David Hunt makes a living consulting and creating high-end software for states, federal agencies and Fortune 500 companies.

But it is in matters of dollars and cents that his passion is stoked.

After four years of research, the Atlanta resident, father of four and senior associate at EDDA in Marietta, Ga., designed a software package intended to teach children about money.

"Family Bank," Hunt's software package, teaches kids as young as six how to earn the green stuff, how to save it and how to avoid becoming a slave to it.

"I've struggled with ways to avoid (my kids) struggling with the same slings and arrows of outrageous fortune that I did," he says. "I went looking for a system, a methodology, that would train my children in financial skills and I found that there was none."


Financial literacy for youths. ... sounds sexy, no?
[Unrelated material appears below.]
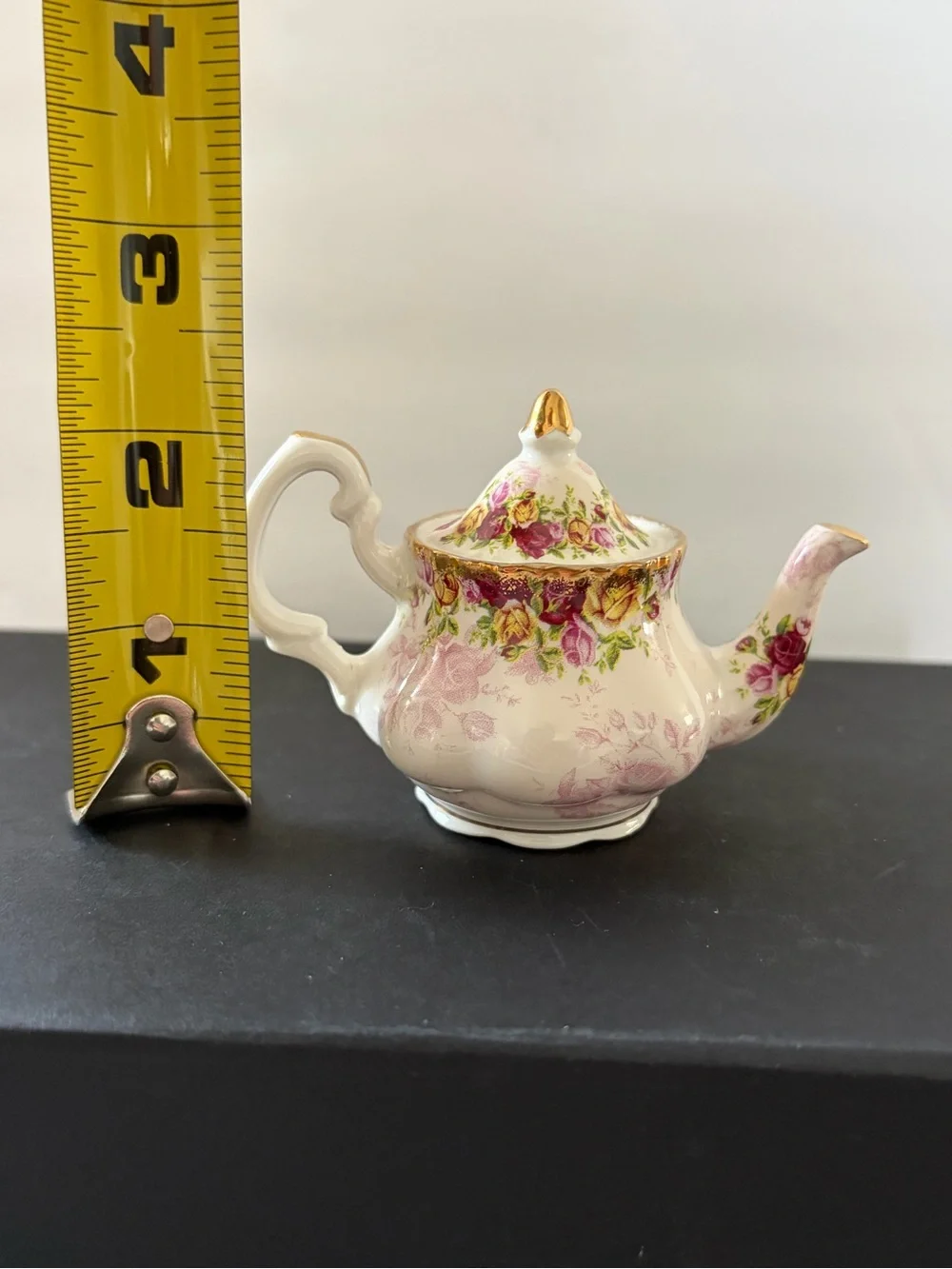 Royal Albert Old Country Roses Peach Damask Miniature Teapot Fine Bone China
Course not, but that shouldn't relegate it to rear of educational concerns.

Kids with cards

Nellie Mae, the higher education loan provider, conducted a credit card usage analysis in 2000. Of the 78 percent of undergraduates with credit cards, the average number of cards held was three.
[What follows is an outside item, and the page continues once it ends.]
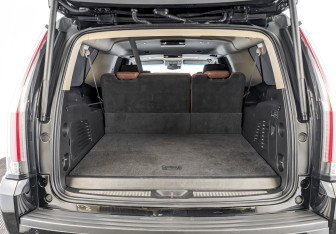 Подержанный автомобиль Cadillac Escalade Suv 2018 года (10 фото)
Average credit card debt per student was $2,748, an increase of nearly $1,000 when compared to 1998 numbers.

"If they're taught they have a certain amount of money they can spend, then they learn as they grow older about saving," says Rosemary Lynch, a family and consumer sciences teacher at Martinsburg (W.Va.) South Middle School and Shepherd College adjunct professor.

"It's an important thing to teach them, rather than there is a limitless supply from Mom that they can get to whenever they need it."

So all those jokes about going to the Savings Bank of Mom/Dad? Not such a good idea in reality.

An easy trap parents slip into is losing track of when allowances are given and then opening their wallets at will when every new expense pops up.

Instead, keep track of how much children are spending and for what, including periodic allowance reviews to determine whether a raise is in order.

"I did this: You set up an allowance and it's a great idea for a week," Hunt says. "And maybe you keep it up for a month or two months and then it falls into disrepair."

This is where Hunt's Family Bank can come in handy. Developed last year, the software lets youngsters manage their own money, with controls established to encourage, even coax, good habits into forming.

A weekly allowance is recorded electronically, with a portion distributed into a savings account that accumulates interest. Younger children who want to withdraw money from their account must write a check, payable to cash, to their parents. Kids entering adolescence who are given their allowance each week must still record expenditures before receiving their next allowance.

If a child wants to save up for a bike, they can set aside money every week for that purchase. If they want more money above and beyond their weekly allotment, they can take out a loan - payable with interest, of course.

Built in allowance reviews let parent and child discuss the system in place, how money is being spent and whether an increase is in order.

"You set up the system, let the system work and relax," Hunt says. "Over time, your children will develop the habits you wish you'd had when you were young."

Even banks have rules

Whatever system parents settle on, Lynch says they must be strong about enforcing the rules of the game. No lessons will be learned if mom or dad relents after kids prod them for more dough.

Having to live within their allowance, children learn to balance needs - school lunch, gas money - with wants such as the hot new jacket everyone has.

In a back to school survey of 1,000 parents conducted last summer by Visa, 71 percent of respondents said ensuring students learn practical money skills before graduation was very important.

Seventy-eight percent of the 1,000 parents of kindergarten through college-aged children thought schools should be required to teach a class in money skills.

Of those parents who give allowances, elementary school students averaged $7.90 a week; children in middle school received $9.80; and high schoolers were given $17.20 per week on average.

Every family is different and allowances should be determined, Lynch says, based upon the family financial picture. Some schools of thought suggest paying out $1 per week per year of a child's age.

Where advocates differ is in whether allowances should be tied to household chores, with arguments pro and con carrying weight. Hunt says parents must be cautious about withholding an allowance as a form of punishment.

"This is about teaching children through experience how to manage money wisely," he says. "It should be what it is: A financial education method."

Regardless of how much is given, how often it is distributed, taking money matters seriously early on can prevent serious mismanagement in young adulthood.